> [DATA RECORDS]:
»»
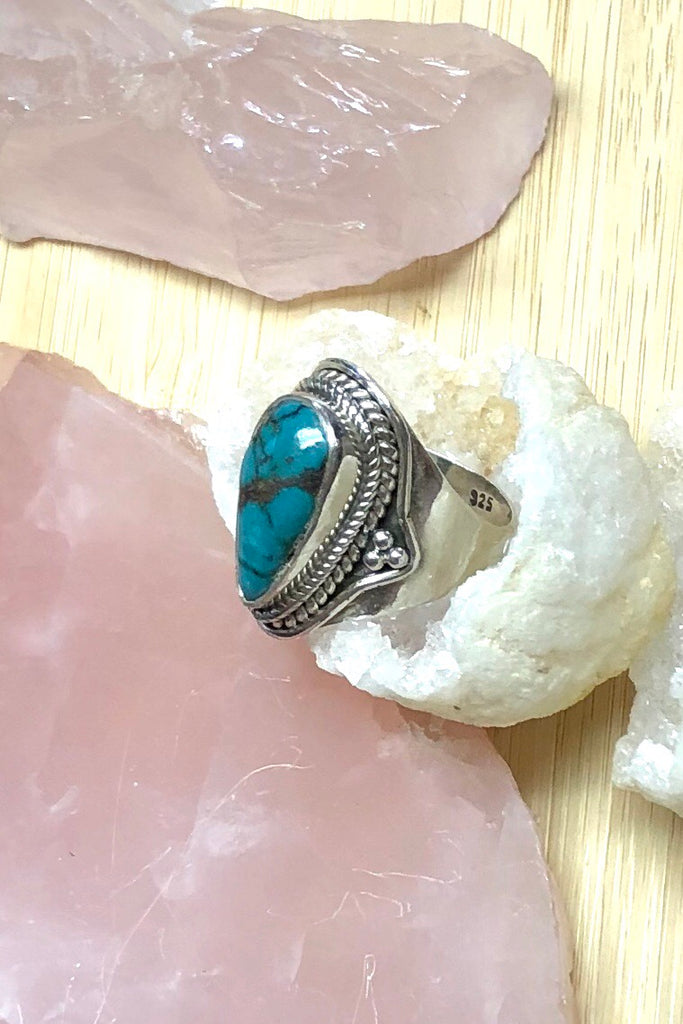 A heavy silver and dark turquoise ring featuring a natural Turquoise stone, in a 925 silver setting., perfect for boho lovers.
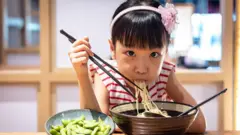 Menina oriental comendo macarrão com palitos e vegetais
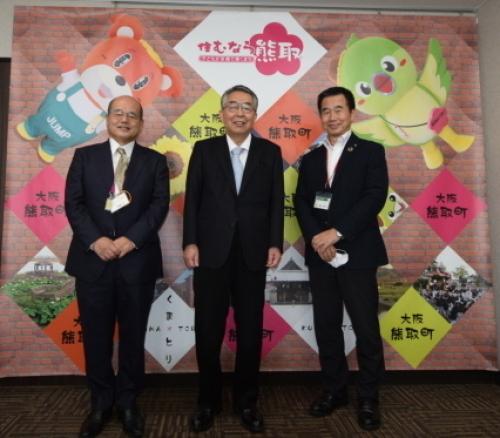ジャンプ君とメジーナちゃんが描かれた壁の前で町長と石本喜和男新会長、伊藤守副会長が並んで立っている記念写真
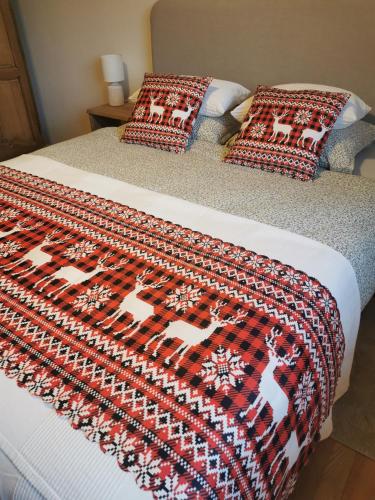 a bed with a red and black blanket on it at TheGilgahouse Gardenroom in Nakskov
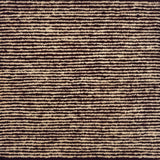 A close-up of a textured striped handknotted carpet with alternating horizontal bands of dark red and warm beige.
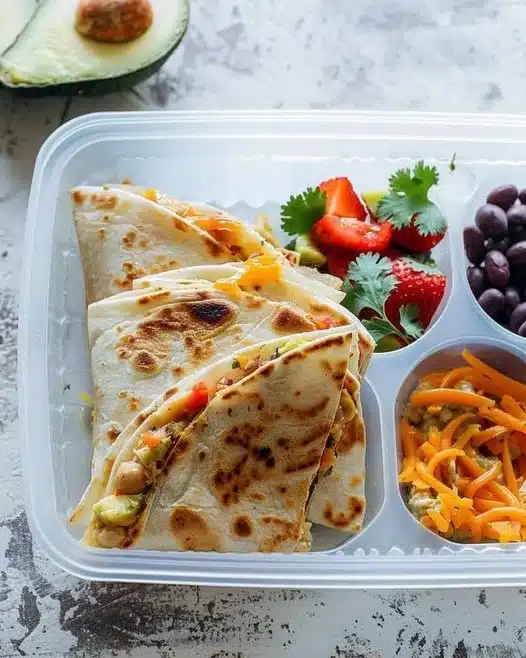 Avocado and hummus quesadillas served on a plate with fresh ingredients.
««
> [WORK TO COMPLETE]:
Apart from the pictures, repeat every entry exactly.

> [SOLUTION TO THIS PROBLEM]:
 A heavy silver and dark turquoise ring featuring a natural Turquoise stone, in a 925 silver setting., perfect for boho lovers.
 Menina oriental comendo macarrão com palitos e vegetais
ジャンプ君とメジーナちゃんが描かれた壁の前で町長と石本喜和男新会長、伊藤守副会長が並んで立っている記念写真
 a bed with a red and black blanket on it at TheGilgahouse Gardenroom in Nakskov
 A close-up of a textured striped handknotted carpet with alternating horizontal bands of dark red and warm beige.
 Avocado and hummus quesadillas served on a plate with fresh ingredients.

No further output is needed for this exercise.